For inspiration, I like to go to places I haven’t been before. There are so many restaurants here both old and new that for someone like me who is constantly at my restaurant, it would be impossible to visit them all, so there are a lot of choices. I live up in Westchester and one of my favorite restaurants is Blue Hill at Stone Barns. The food there is very much my style and reminds me of being in California.
Do you ever watch celebreality shows like Top Chef? If so, do you think it’s helped or hurt the industry?
I have to say that I have watched some episodes and although there might be some positive that comes out of it, there is also a good amount of negative. Many young cooks coming out of culinary schools these days who see this and other shows like it get many misconceptions. We in the industry see these cooks and are the ones who have to give them the wake up call. These shows glamorize what it is to be in the profession. It is all about being the celebrity chef. The reality is that the hours suck, the higher up the ladder you go the more hours you end up working, you never see your family, holidays go out the window, the divorce and alcoholic rate for chefs is sky high and basically until you get to the top, the pay sucks too. For years you will most likely get yelled at for everything and you won’t get any credit until you are the chef. Many of these kids today think that they are going to be a chef 2 years out of school when the reality is that, to be a real professional chef, you probably need to be working as a cook or sous chef for at least 7 to 10 years, otherwise you will not have gained the experience necessary to be fluent in your craft. I guess the reason some of us become bitter at this is because we need to sift through the resumes constantly in search of talent, discipline, determination, and a true love for the craft. Sometimes it seems to have gotten worse as we see more and more disillusioned cooks that really don’t want to work hard and who are not truly passionate about being a cook. In the long run, that’s what we all are, Cooks. If we didn’t love it then I am sure we could find something a lot better to do to make money.

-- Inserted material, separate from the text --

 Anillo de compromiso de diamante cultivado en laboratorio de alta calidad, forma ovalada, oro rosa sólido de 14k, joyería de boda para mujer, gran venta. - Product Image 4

With a bad economy, have you noticed a change in what people are eating, and if so, how have you adjusted your menu to it?

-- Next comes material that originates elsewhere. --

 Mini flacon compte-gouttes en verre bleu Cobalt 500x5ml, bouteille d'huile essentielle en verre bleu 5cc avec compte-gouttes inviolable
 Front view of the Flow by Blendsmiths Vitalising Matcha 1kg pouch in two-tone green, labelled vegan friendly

I am not sure that the economy is really changing what people eat, but rather where they eat. Everyone in the industry is offering some sort of deal these days whether it be a prix fixe menu, pre theater menus, discounts for certain days, or discounted menus during certain weeks or months. At Rouge Tomate we definitely see one trend however, of people who are looking to eat foods that are more healthy, local and sustainable and of course that is what we are about. I think this trend will continue to grow, especially as people become more informed about what they are truly eating.

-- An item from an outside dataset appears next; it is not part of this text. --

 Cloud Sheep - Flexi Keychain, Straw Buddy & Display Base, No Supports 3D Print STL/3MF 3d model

Are there any types of cuisine or cooking techniques that are currently influencing you?
We have recently received our permit to use Sous Vide Cooking and for us this is very important. The use of this cooking technique allows us to create things that are not possible without it. It also allows us to retain the nutrients during cooking as well as flavor. Because we are so concerned with serving food with a high nutritional content, this cooking technique is invaluable as it allows us to prepare foods quickly and accurately without losing the properties of the wonderful products we are sourcing.
What can people expect to see on future menu’s at Rouge Tomate?
Expect to see whatever is in season on future menus. We change our menus daily and work with our farms and purveyors very closely to offer our guest the best of what is in the market.